A highly personal narrative and plenty of hard work give this compelling Edgewood carriage house colorful new life.
Photography by Nat Rea
Graphic designers lisa and victor russo are a renaissance couple. Sewing, baking, guitar-playing, beer-brewing and tango? Just the beginning. They also tackle home projects with the same fervor they bring to their work. If anybody had the energy to transform a nineteenth-century building into an inviting home, it was these two. Fearless about juxtaposing mid-century finds, antiques, tag sale treasures and mementoes (grandfather’s fishing rod and beribboned four-leaf clovers have found a niche) — and certainly not color timid — they let it rip. The result is one fantastic nest we can all take lessons from.
Sans work crew, the talented duo even forged a sweet yard complete with picturesque recycled fence and walkway. Lipstick red doors replace yesterday’s garage models. Previous owners parked their cars inside, which is what drew the Russos. “We needed a spot for our 2,000-pound letterpresses,” Lisa says.
The second and third floors are the family’s quarters. Colors help delineate the rooms, making the old building pop. Straightforward furnishings take a backseat to provenance-filled keepsakes. Here in the airy living room, for example, there’s an heirloom teacart, a well-loved doll by Florence mask maker Agostino Dessi and mini metal hearts by local sculptor Becky Wagner. Unlikely partnerships — an antique camel saddle and a church pew — add to the personality-filled mix. The romantic iron staircase, in place when the Russos moved in, winds to the parents’ sanctuary.

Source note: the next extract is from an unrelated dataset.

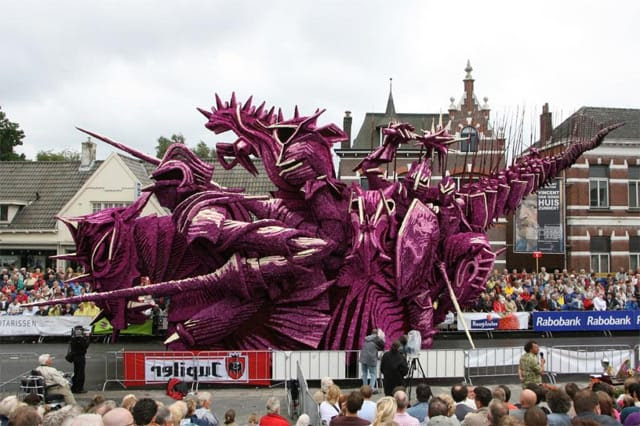 Towering Sculptures Made of Flowers on Display at Bloemencorso, A Flower Parade in Zundert, Netherlands sculptures parades Netherlands flowers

The first floor, now the designers’ workspace, demanded a massive makeover. The Russos ripped out the walls (and stalls) and laid a new concrete floor with radiant heat beneath. Upstairs, cosmetics were the focus — stuccoed walls and shag carpets out! Luckily, the kitchen/dining area (facing page, bottom, and below) came endowed with a cool industrial range, a tile floor and abundant natural light. The Russos freshened the mood, dousing one wall with blackboard paint to concoct message central. A metal-legged baker’s table provides prep room. The 1950 dining table arrived via a neighbor. “I removed the dated bottom and had a friend devise a simple replacement. Tongue oil darkened the blond top,” Lisa says. Red paint unifies mismatched chairs gathered at flea markets and yard sales. Carved mahogany doors conceal built-in storage. The watercolor above is by Victor’s colleague Bill Lane. Lisa created the charming tomato-appliqued banquette pillow.

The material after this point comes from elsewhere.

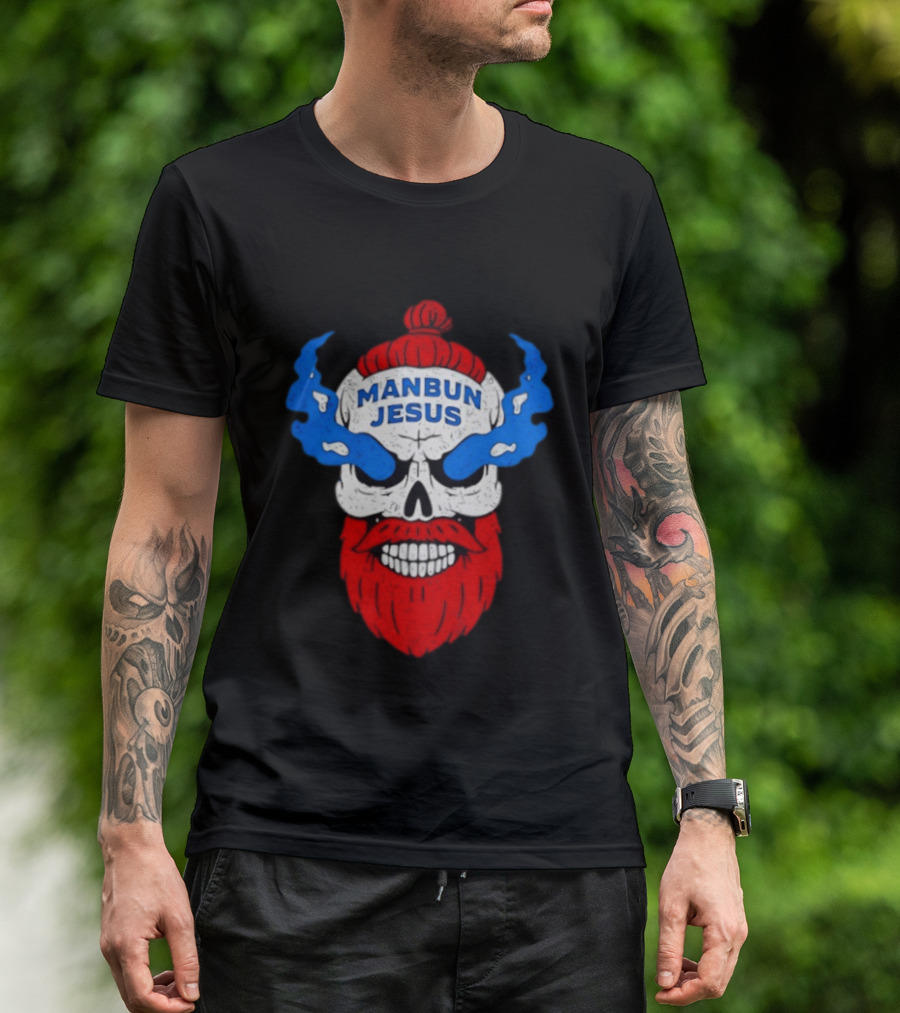 Manbun Jesus Skull Flame Beard Retro Stone Man Cold Bun T-Shirt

The handsome architecture might have been diminished but not with these respectful owners. They opted for happy robin’s-egg blue, a boon for the living room beams (above). Then, they covered the existing red brick hearth with white paint, creating an ideal stage for Victor’s quirky collection of Kirby tractor wrenches
— affectionately dubbed “wrench fire.” The nearby folding card table with Japanese-style painted top is one Lisa recalls from childhood. Its counterpoint, the female carving, is an Ivory Coast fertility figure nabbed on Broadway in New York City. “Victor brought it home on the subway as a present,” says Lisa. The pink armchair cushions that she recovered nod to the natty rug. A devotee of vintage and reclaimed fabric, Lisa often scores great remnants at Recycling for RI Education. Cranston’s Just Fabrics stocks her favorite European florals.

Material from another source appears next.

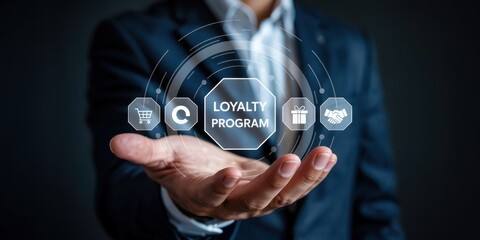 Loyalty program displayed in a businessman's hand.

Lisa and Victor’s minimalist bedroom is as close to treehouse living as you get. The open space includes sleeping quarters and bath, all in one. The advantage to such transparency? Sunlight and a breeze whether you’re reading in bed or soaking in the tub. Standing open, French doors frame a petit balcony, green tree tops and distant water views. “This floor was probably added in the seventies. We left the walls pale because sometimes you have to stop with the color,” Lisa says with a laugh. The previous owners used reclaimed wood for closet doors to link the retreat to antique rooms below. Of course, Lisa crafted the vintage chair’s chic black and white covering. The pastel quilt is the handiwork of Pernilla Frazier from Providence’s Kreatelier.
The generous ground floor affords room for a bar — built by Victor with stall lumber — on one side and plenty of work space on the other. Victor (above) makes specialty wines, mead and beer. Typically, he brews five-gallon batches of Belgian-style beer (Cascade and Chinook hops ramble along the building). Some are bottled but most are served from taps. Jugs this week hold rhubarb wine and cyser (apple cider mead). A comfortable sitting area at the floor’s center includes a sofa Lisa discovered in a “scary” estate sale basement. “It was so gross the guy gave it to me,” she says. She reglorified it with plump foam pillows and orange wool. The chair is by Danish designer Ib Kofod-Larsen. Contemporary materials like the corrugated metal entry wall (left) lend texture and sharpen the building’s edge. Victor zips to work on the scooter, a cousin’s hand-me-down he beautifully restored.